Why don’t governments target zero inflation?


Asking here since I don’t know here else to start.

Western governments all seem to target 2% annual inflation. Why is this?

Why not target 0% to make financial projections simpler for businesses and households?


  👤 helsinkiandrew Accepted Answer ✓
What they're really targeting is not to have negative inflation/deflation. It's traditionally thought that if prices are going down the economy will stagnate as people wait to make purchases later, which results in less output and a recession.

Because reaching a steady level of inflation is hard due to the nature of the markets, economy and the tools available to central banks they aim for 2% so it can wiggle around that - rather than around 0%

It's interesting that more recently economists have started to disagree that a little deflation is a bad thing - for example Switzerland last decade (but Switzerland is a small very stable economy).

https://www.investopedia.com/articles/markets/111715/can-def...


👤 alexb_
Zero inflation means that a risk-free way to hold on to all of your value forever is by just holding it. Inflation incentivizes people to buy/invest as opposed to just holding onto money.

Holding onto money is bad because every dollar you spend, another man earns. A lack of spending from one party is a lack of earning for another. The economy functions not on people having money, but on people continually spending that money and moving it from one party to another to incentivize work being done and problems being solved.


👤 misja111
Governments create inflation by generating (aka 'printing', but nowadays it's ofc all digital) money. The more money they print, the more income is generated to finance government spending.

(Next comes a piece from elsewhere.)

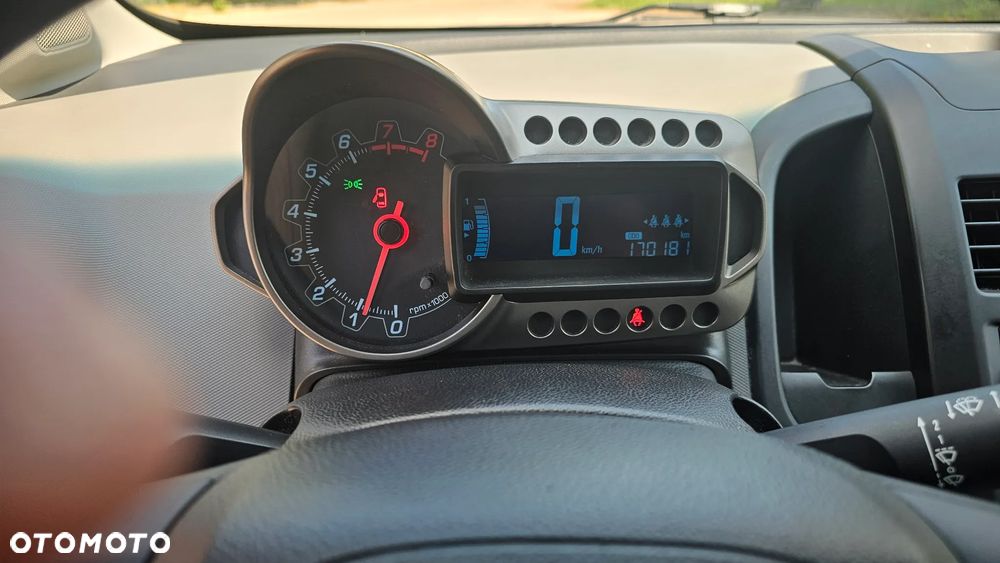 Chevrolet Aveo 1.2 LS - 10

> Western governments all seem to target 2% annual inflation

2% is seen as a sweet spot: it still allows governments to print extra money but the inflation rate is not so high that it would lead to an inflation spiral that would run out of control.


👤 vinyl7
To encourage growth. If money is continually losing value, you have to continually work harder to outpace the loss. This encourages workers to keep working, and encourages businesses to keep innovating.

👤 llimos
I'm not sure I'm cynical enough to say it's the reason, but inflation helps governments by reducing the real size of their enormous debts.

👤 BirAdam
Many people here seem to have rather generous views for governmental motives. I don’t.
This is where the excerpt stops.